■ EXERCISE ■
What you write should be an exact repeat of the lines from the one with "a woman wearing" through the final line below, minus the pictures.
··· TASK INPUT ···
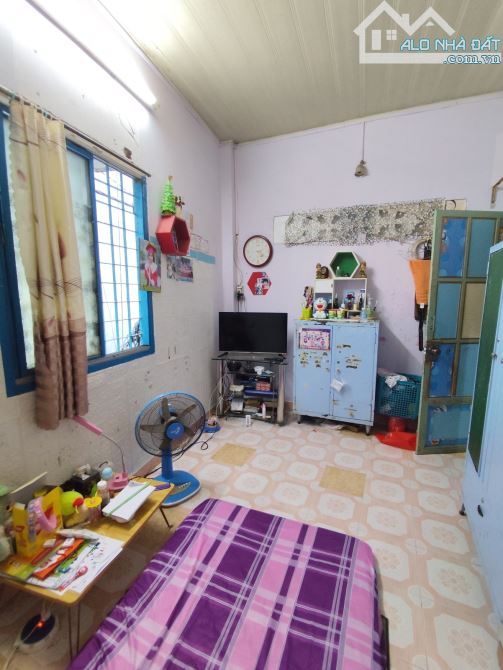 QUẬN 10 - NGAY CV HỒ KỲ HOÀ - 40M2 ( 4 X 10) 3 TẦNG - HẼM THÔNG CMT8 - CHỈ NHỈNH 5 TỶ --- - 2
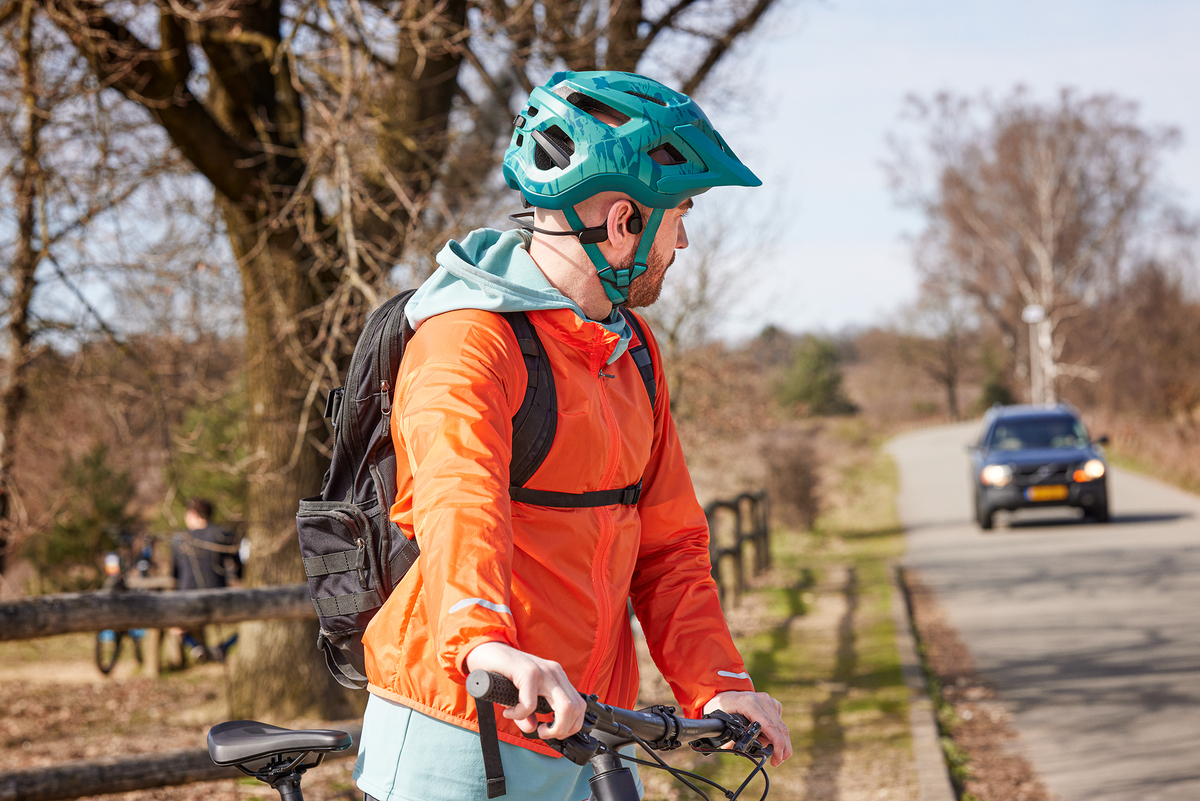 Athlete cycling using Philips headphones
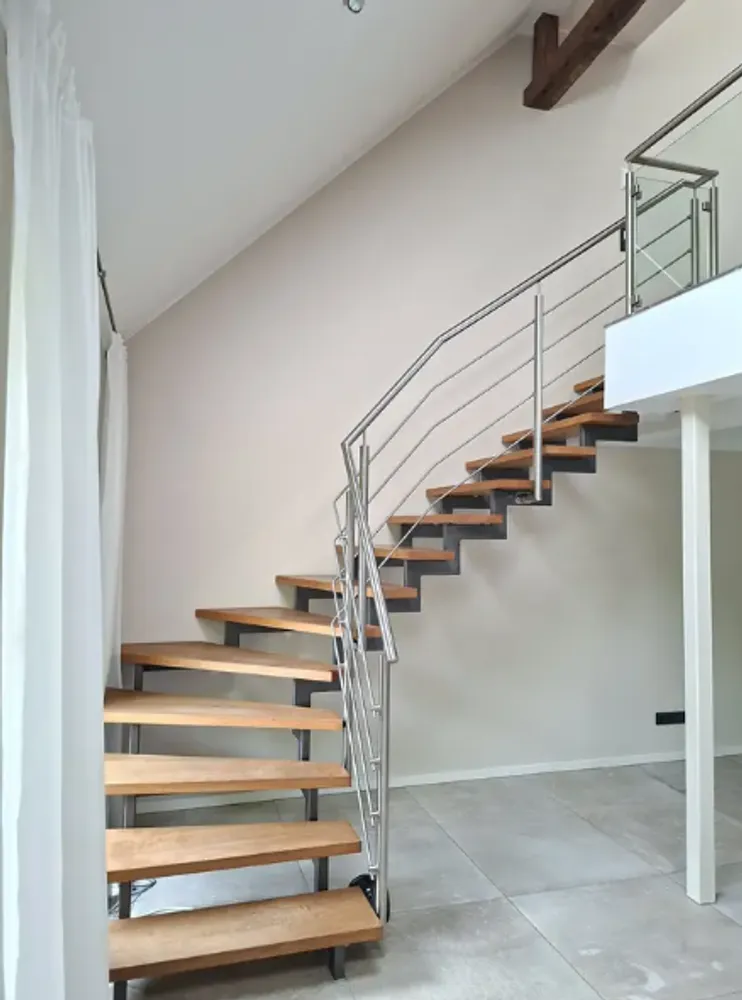 2 Zimmer Wohnung mit 170 m² in Düsseldorf – Bild 12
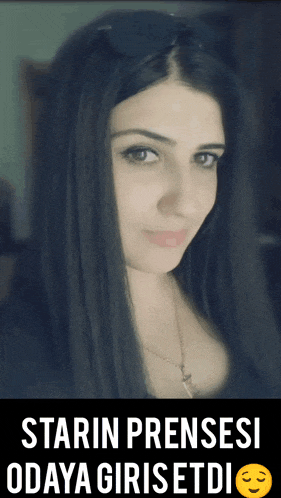 a woman wearing sunglasses and a necklace with the words starin prensesi odaya giris etdi on the bottom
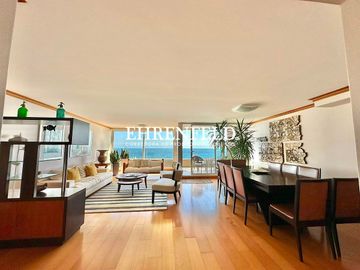Costa brava. Concón. Departamento en primera línea, 195 m2.
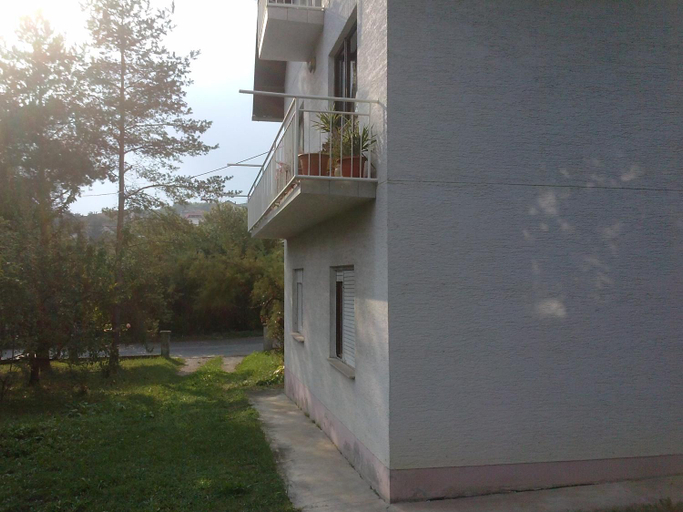 Others 5, Random Room, Zagreb
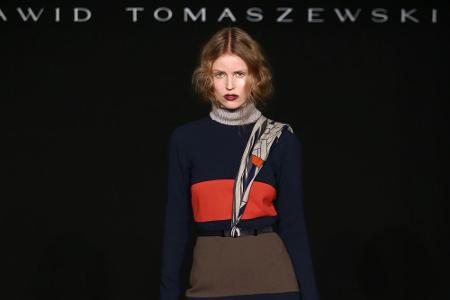 Der polnisch-deutsche Designer Dawid Tomaszewski präsentierte eine asymmetrische Variante der Tuch-Gürtel-Kombination.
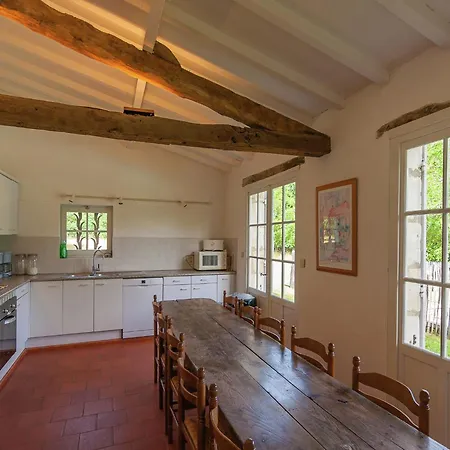 Restored With Private Pool 度假居 Campsegret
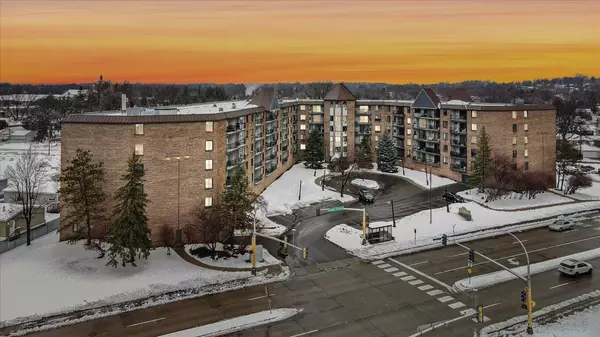 2601 Kenzie TER #226, Saint Anthony, MN 55418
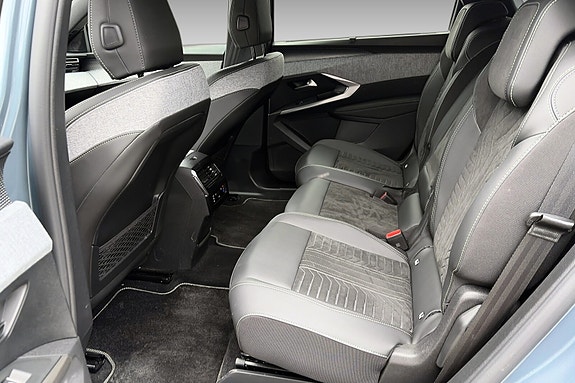 Peugeot e-5008 12 of 25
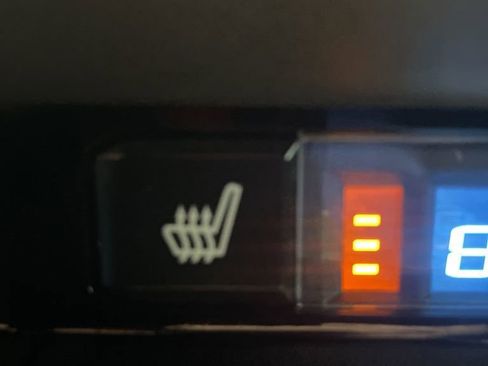 Used 2016 Toyota Tacoma TRD Off-Road image 19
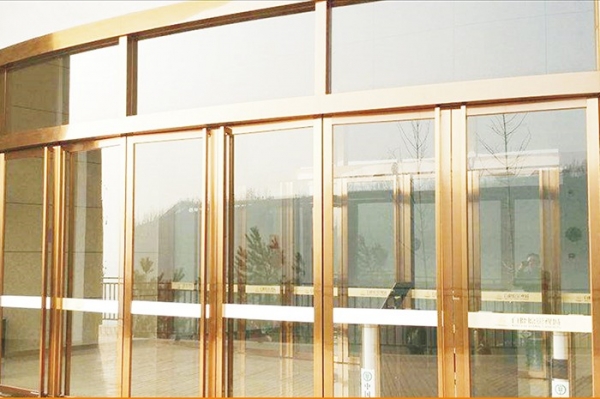 圖片關(guān)鍵詞 防火玻璃門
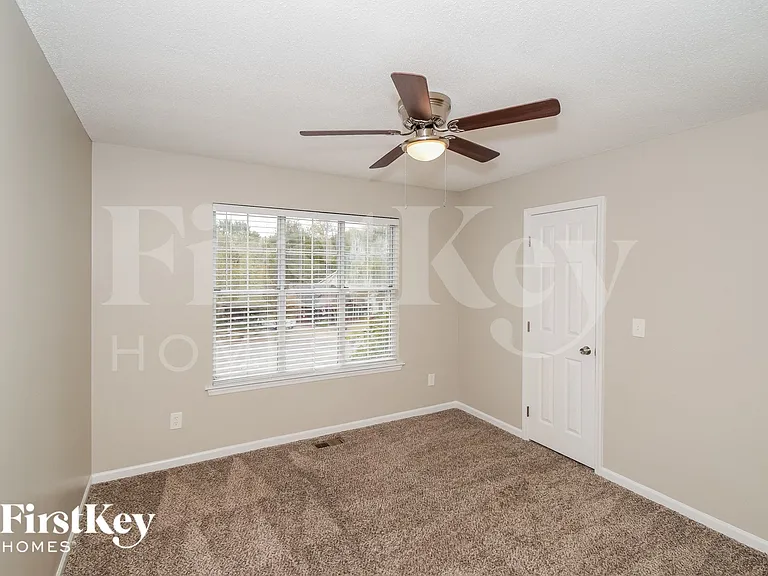 2715 Braelinn Pkwy N — Photo 9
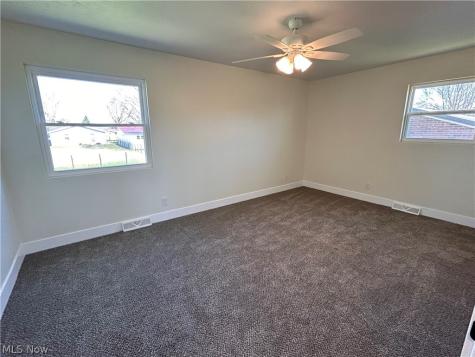 114 Devol Drive Marietta OH 45750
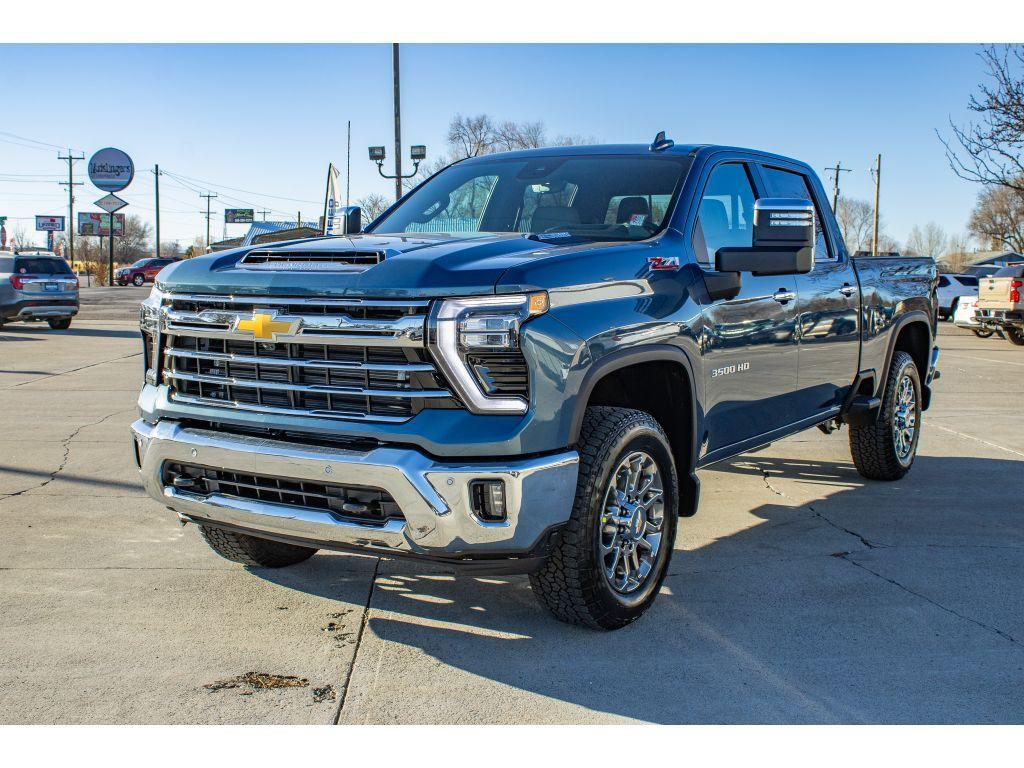 new 2026 Chevrolet Silverado 3500 car, priced at $81,000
···
■ REPLY ■
 a woman wearing sunglasses and a necklace with the words starin prensesi odaya giris etdi on the bottom
Costa brava. Concón. Departamento en primera línea, 195 m2.
 Others 5, Random Room, Zagreb
 Der polnisch-deutsche Designer Dawid Tomaszewski präsentierte eine asymmetrische Variante der Tuch-Gürtel-Kombination.
 Restored With Private Pool 度假居 Campsegret
 2601 Kenzie TER #226, Saint Anthony, MN 55418
 Peugeot e-5008 12 of 25
 Used 2016 Toyota Tacoma TRD Off-Road image 19
 圖片關(guān)鍵詞 防火玻璃門
 2715 Braelinn Pkwy N — Photo 9
 114 Devol Drive Marietta OH 45750
 new 2026 Chevrolet Silverado 3500 car, priced at $81,000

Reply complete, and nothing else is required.